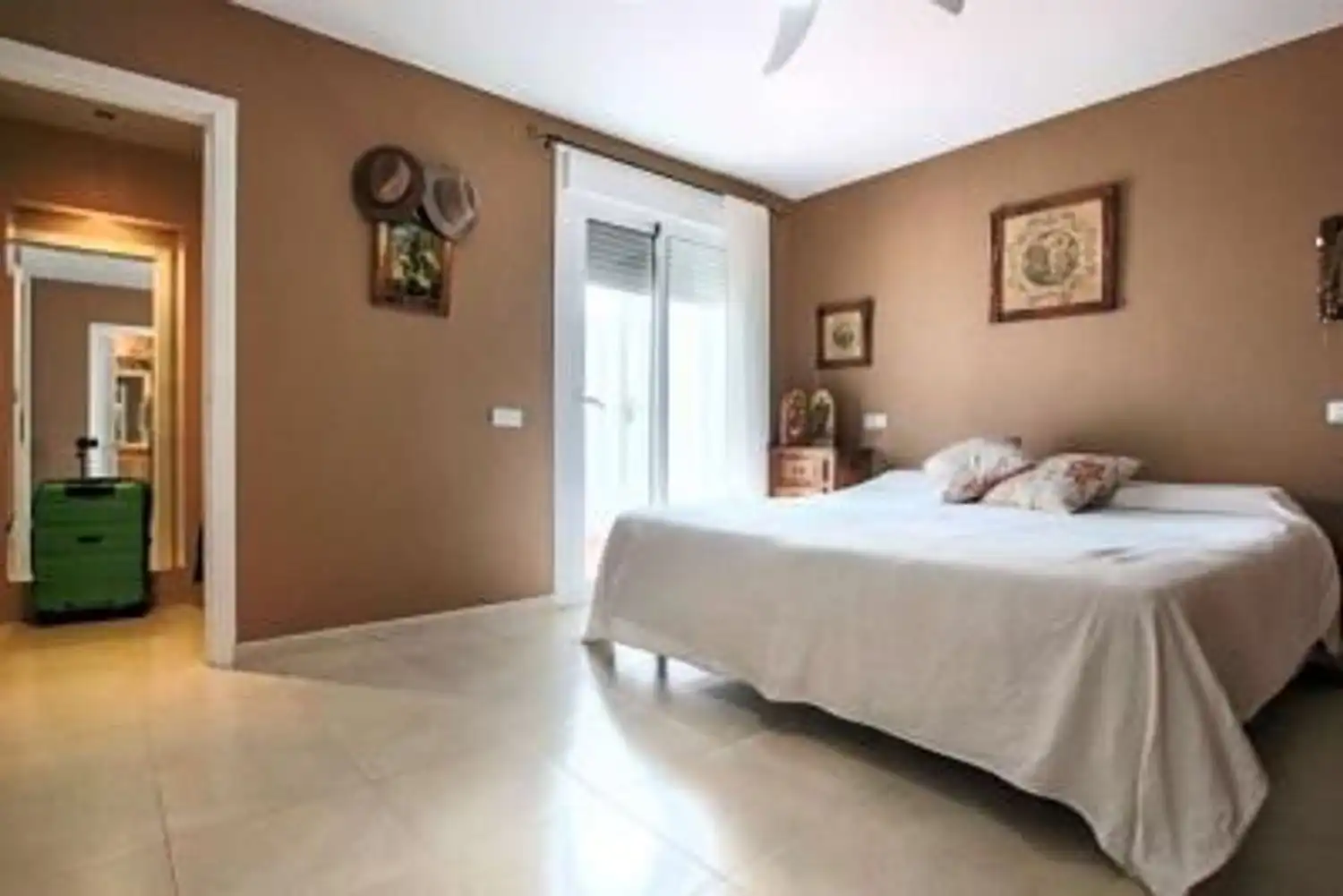 Schlafzimmer von Wohnung zum Verkauf in Marbella mit Klimaanlage, Privatgarten und Terrasse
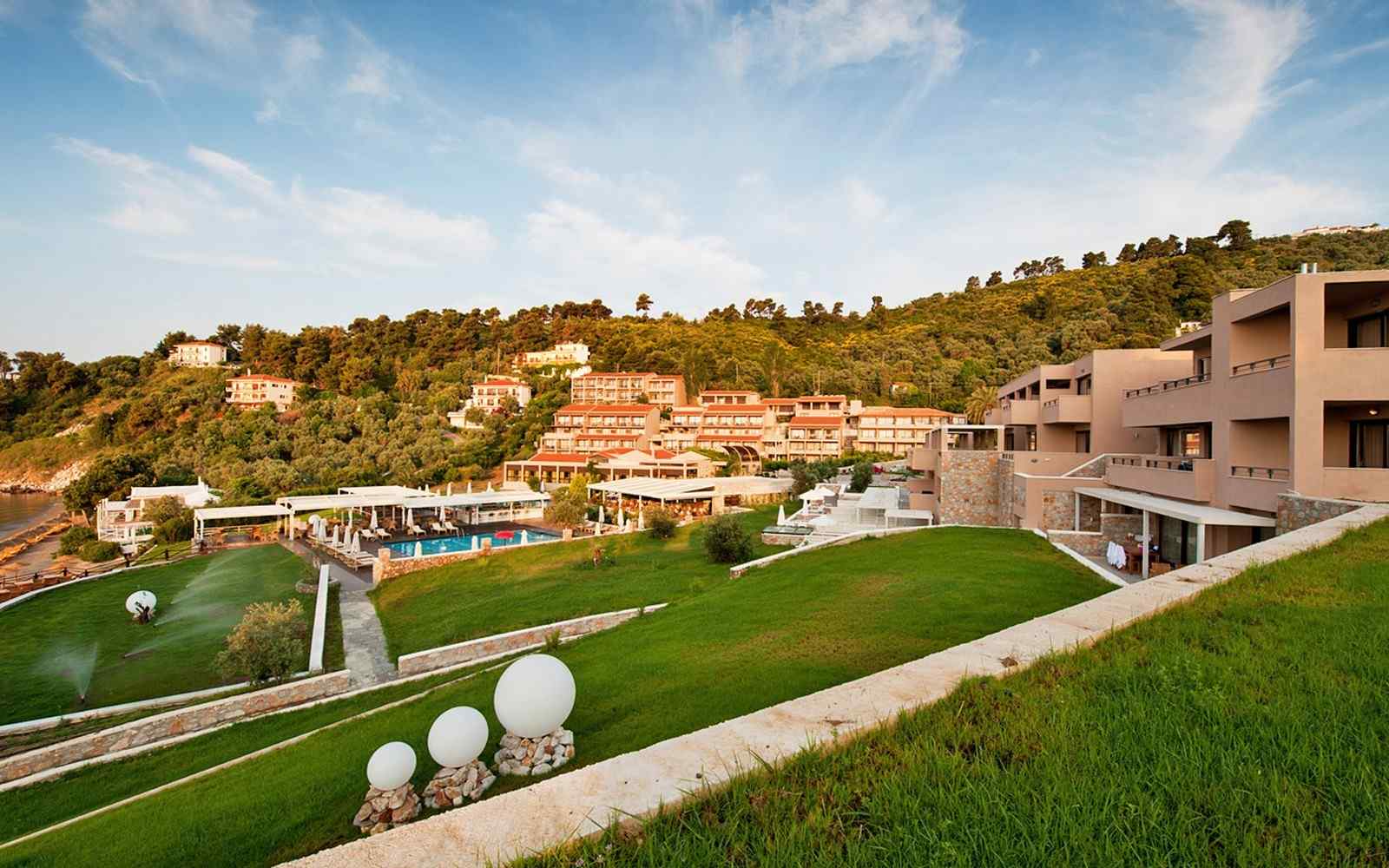 https://riaddarbeija.com/wp-content/uploads/2016/03/summer-hotel-02.jpg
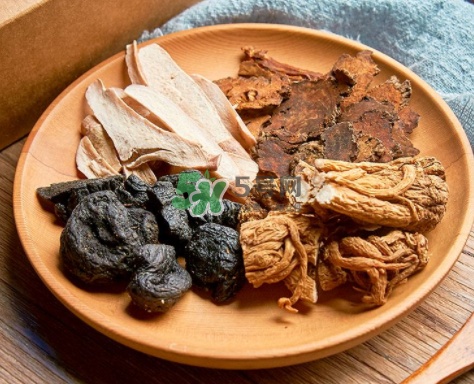 男人能喝四物湯嗎？四物湯男人能不能喝？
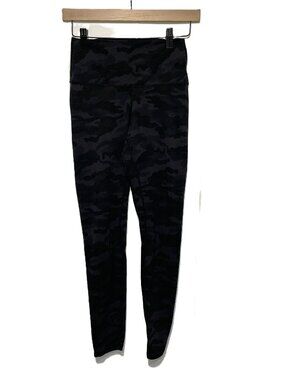 ColorFulkoala Black Camo Leggings, Size S
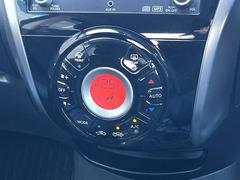 【オートエアコン】一度お好みの温度に設定すれば、車内の温度を検知し風量や温度を自動で調整。暑い…寒い…と何度もスイッチ操作をする必要はありません。快適な車内空間には必須の機能ですね♪ 6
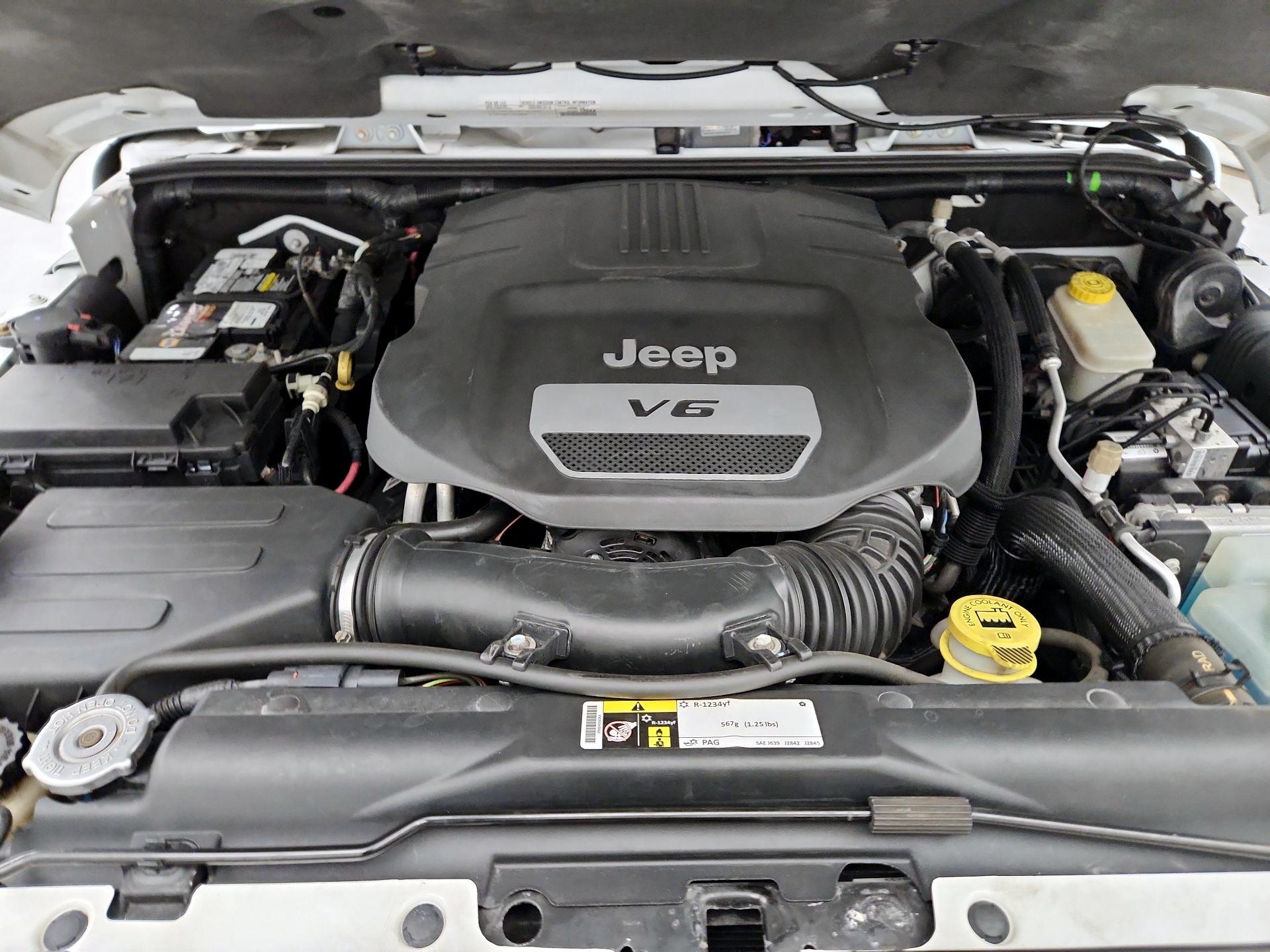 Thumbnail: 2015 Jeep Wrangler - 18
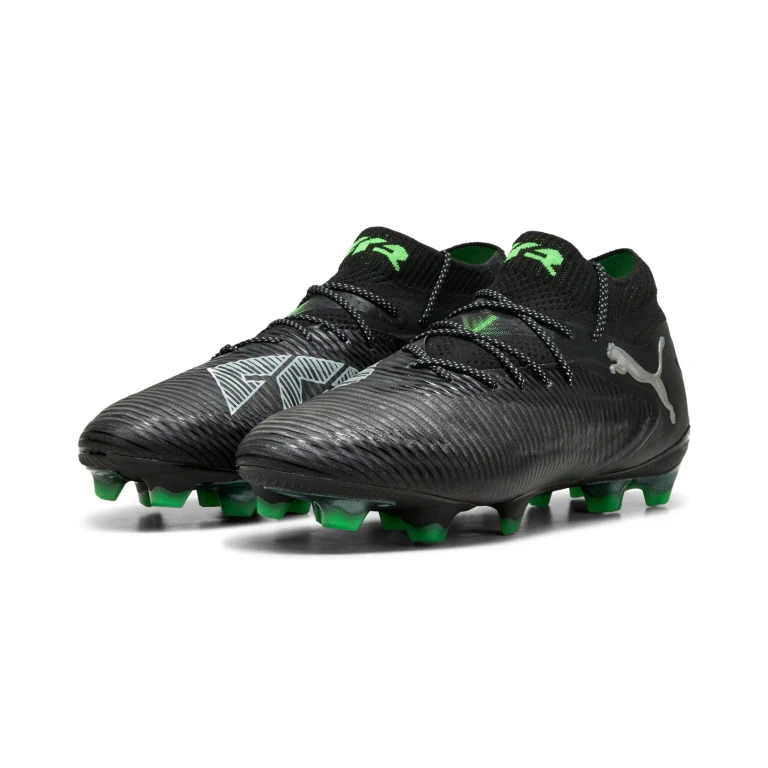 Men's Future 8 Ultimate Fg Sneakers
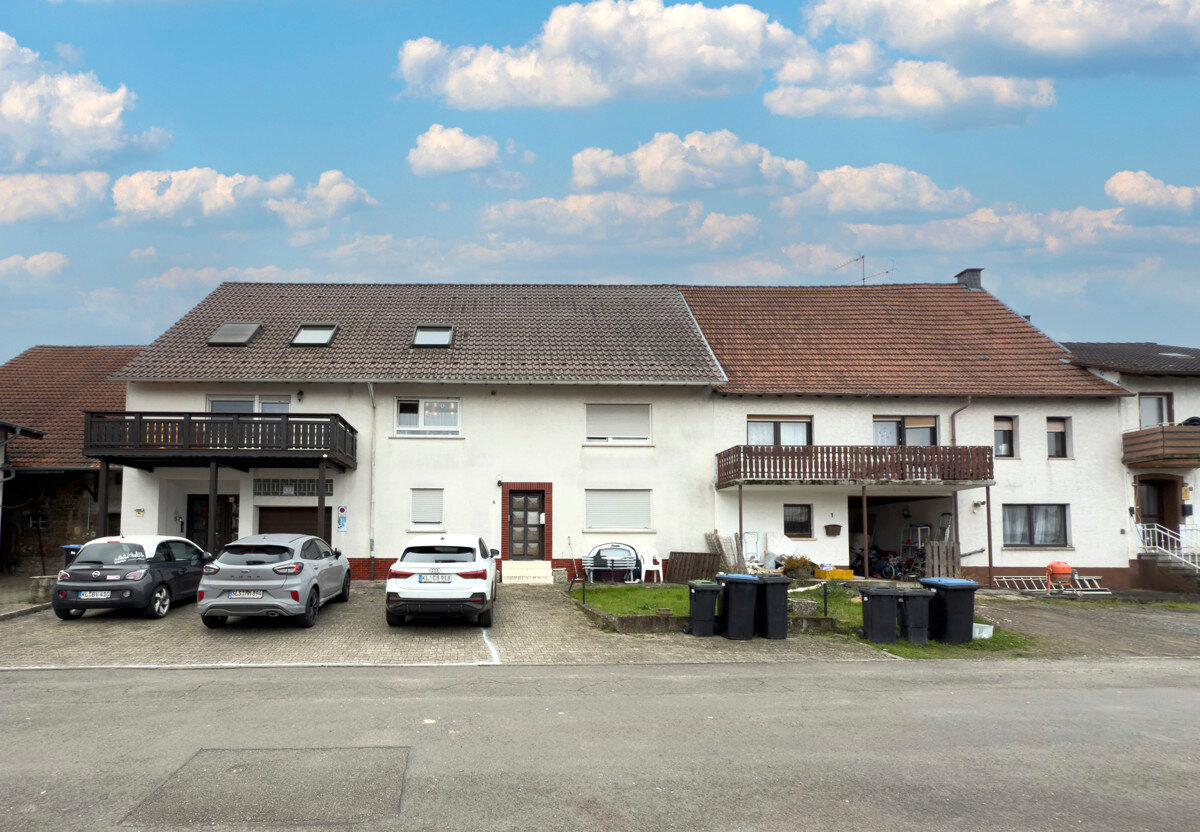 Mehrfamilienhaus zum Kauf 394.000 € 11 Zimmer 326 m²<br/>Wohnfläche 650 m²<br/>Grundstück ab sofort<br/>Verfügbarkeit Rothselberg 67753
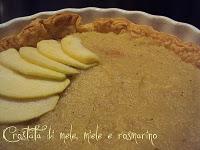 Crostata di mele, miele e rosmarino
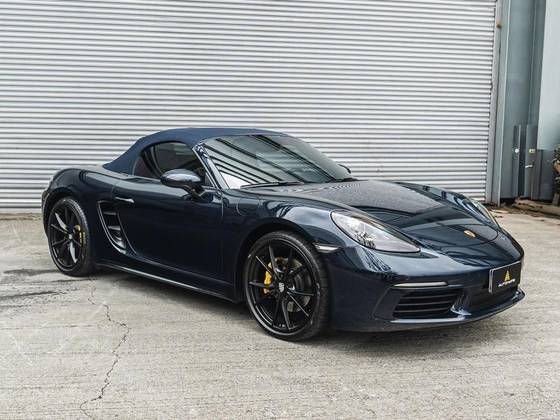 PORSCHE 718 2022
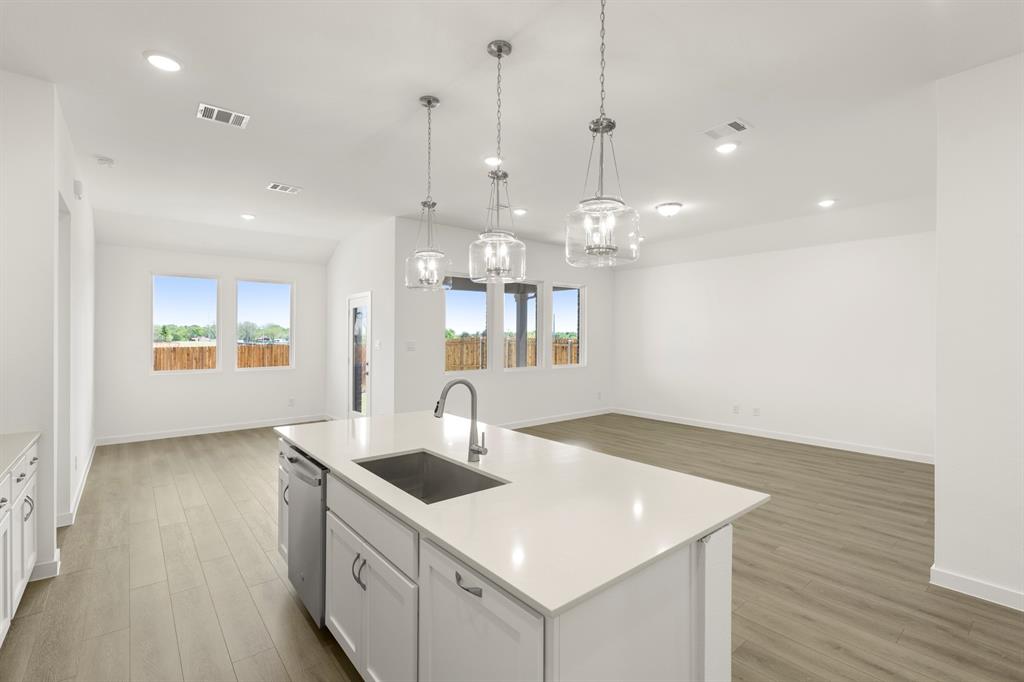 1903 Boston Way Property Photo 8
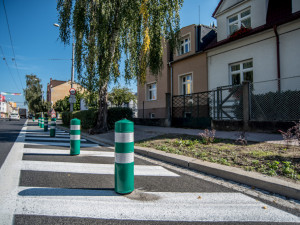 Balisety v Lidické třídě v Českých Budějovicích.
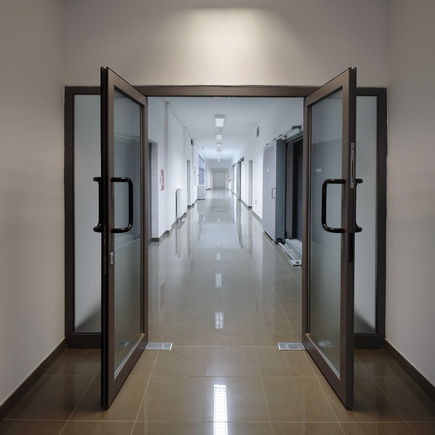 地弹簧 TS 500 NV in CGG Drenova Cemetery 盖泽地弹簧 TS 500 NV 用于角部轴承式全玻璃设备门扇，适用于，单向和双向开启门，带液压闭锁，能够在即将达到关闭位置之前加快门速度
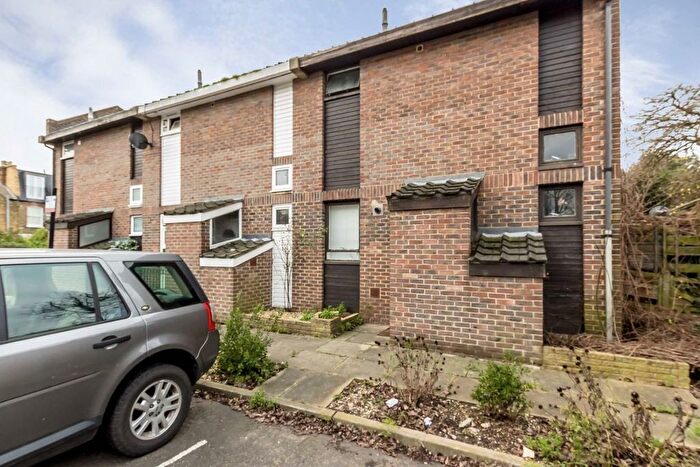 2 Bedroom Property To Rent In Willow Tree Close, London, SW18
==============================
Aim of the exercise
What you return should match the records above word for word, minus the pictures.

Output for this exercise
 Schlafzimmer von Wohnung zum Verkauf in Marbella mit Klimaanlage, Privatgarten und Terrasse
 https://riaddarbeija.com/wp-content/uploads/2016/03/summer-hotel-02.jpg
 男人能喝四物湯嗎？四物湯男人能不能喝？
 ColorFulkoala Black Camo Leggings, Size S
 【オートエアコン】一度お好みの温度に設定すれば、車内の温度を検知し風量や温度を自動で調整。暑い…寒い…と何度もスイッチ操作をする必要はありません。快適な車内空間には必須の機能ですね♪ 6
 Thumbnail: 2015 Jeep Wrangler - 18
 Men's Future 8 Ultimate Fg Sneakers
 Mehrfamilienhaus zum Kauf 394.000 € 11 Zimmer 326 m²<br/>Wohnfläche 650 m²<br/>Grundstück ab sofort<br/>Verfügbarkeit Rothselberg 67753
 Crostata di mele, miele e rosmarino
 PORSCHE 718 2022
 1903 Boston Way Property Photo 8
 Balisety v Lidické třídě v Českých Budějovicích.
 地弹簧 TS 500 NV in CGG Drenova Cemetery 盖泽地弹簧 TS 500 NV 用于角部轴承式全玻璃设备门扇，适用于，单向和双向开启门，带液压闭锁，能够在即将达到关闭位置之前加快门速度
 2 Bedroom Property To Rent In Willow Tree Close, London, SW18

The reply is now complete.